What is needed:
Look through the entries below for the line with "2018 Audi A5" and the line with "New 2024 Platinum", then give again exactly those two lines and all lines between them, minus the pictures.

Record set:
────────────────────

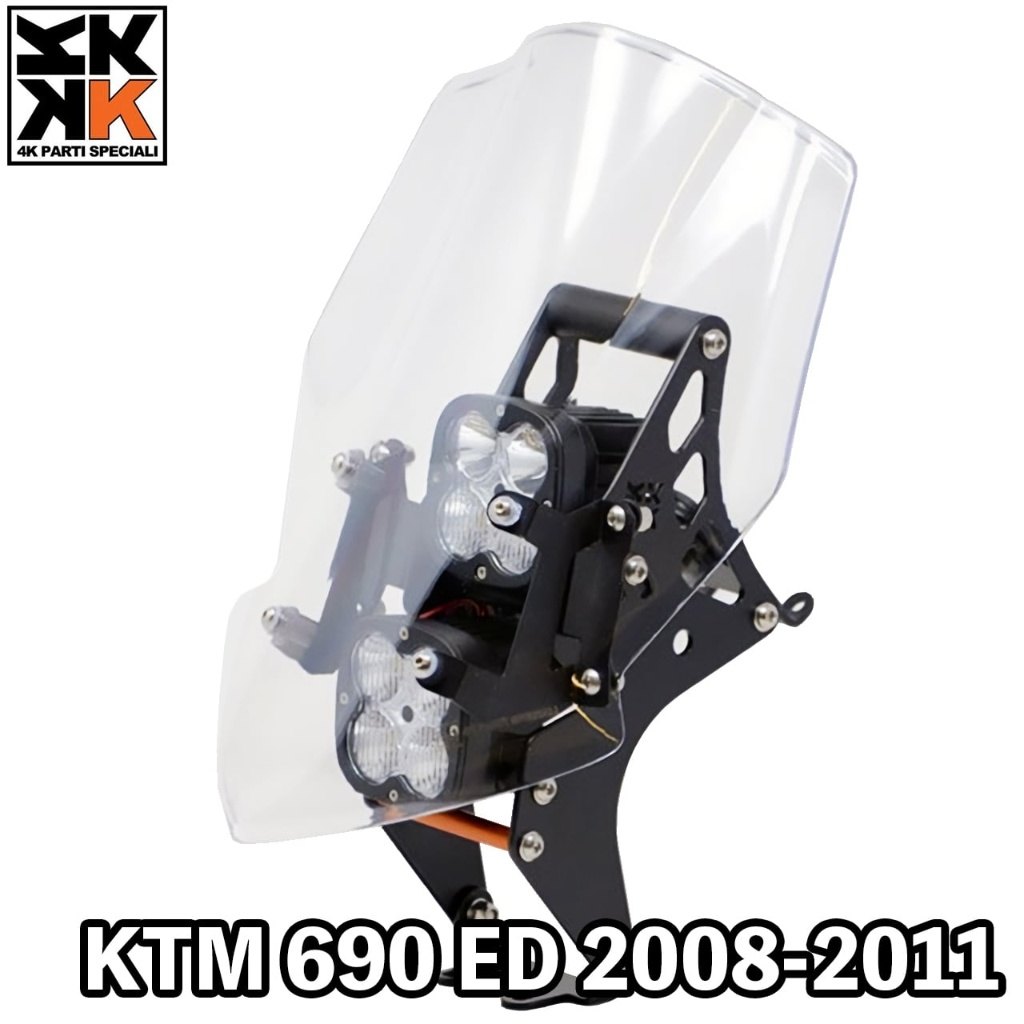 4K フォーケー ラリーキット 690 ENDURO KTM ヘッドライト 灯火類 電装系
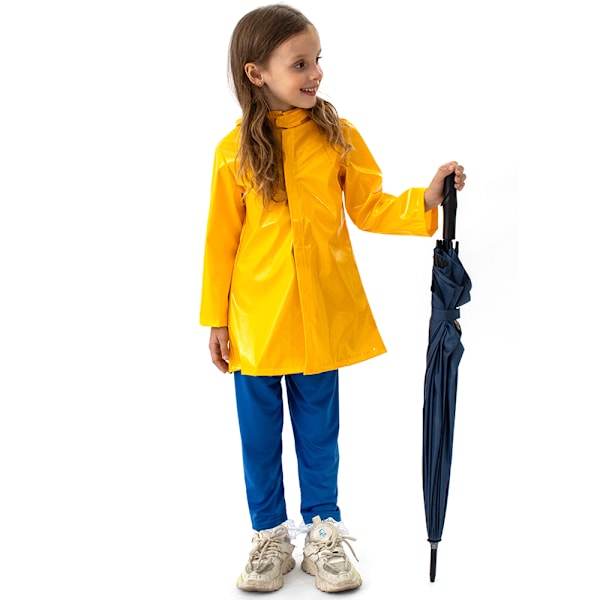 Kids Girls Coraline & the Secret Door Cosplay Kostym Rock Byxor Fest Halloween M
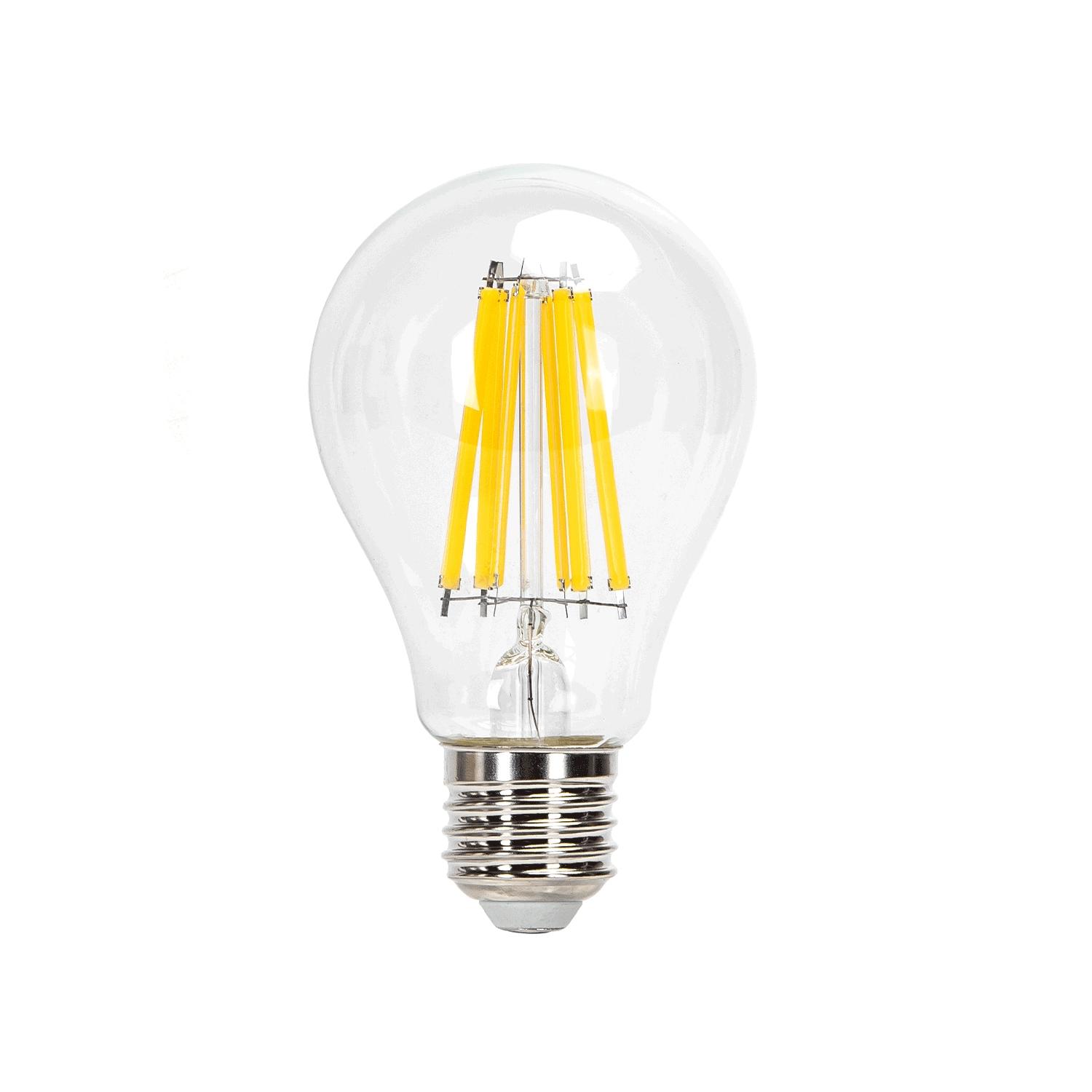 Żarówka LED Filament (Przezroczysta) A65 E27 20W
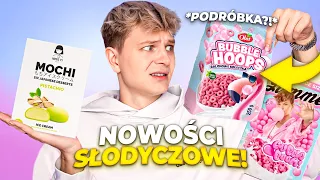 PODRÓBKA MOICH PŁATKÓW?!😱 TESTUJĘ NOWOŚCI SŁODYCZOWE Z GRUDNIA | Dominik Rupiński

────────────────────

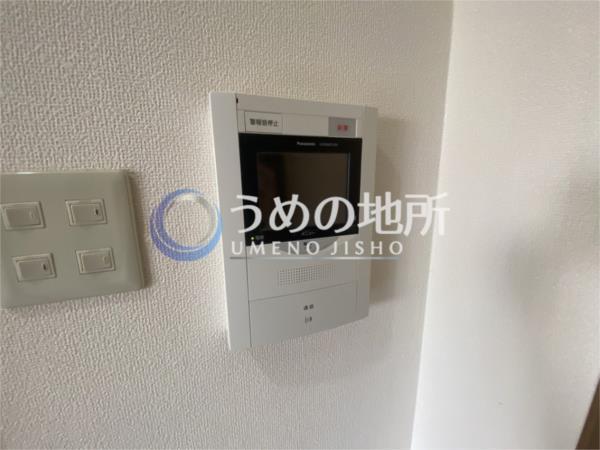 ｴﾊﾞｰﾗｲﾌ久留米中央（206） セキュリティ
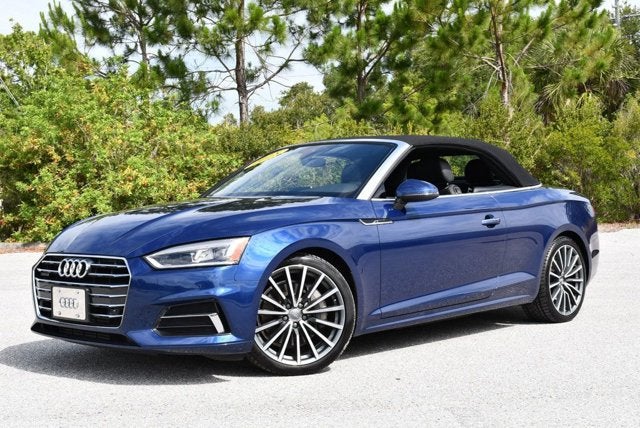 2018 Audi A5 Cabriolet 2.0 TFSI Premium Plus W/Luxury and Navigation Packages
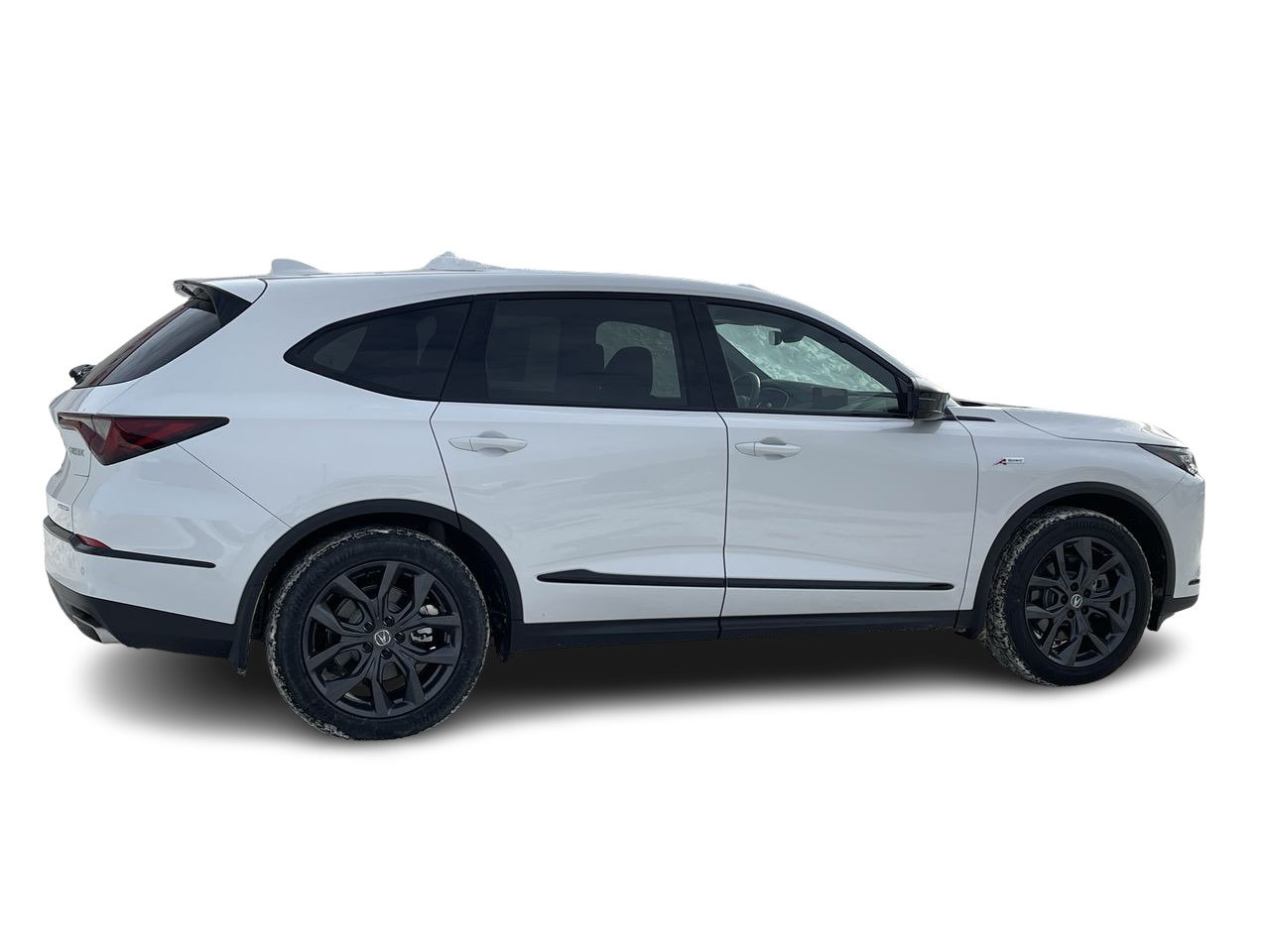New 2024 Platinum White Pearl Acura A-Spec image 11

────────────────────

Solution to this problem:
 2018 Audi A5 Cabriolet 2.0 TFSI Premium Plus W/Luxury and Navigation Packages
New 2024 Platinum White Pearl Acura A-Spec image 11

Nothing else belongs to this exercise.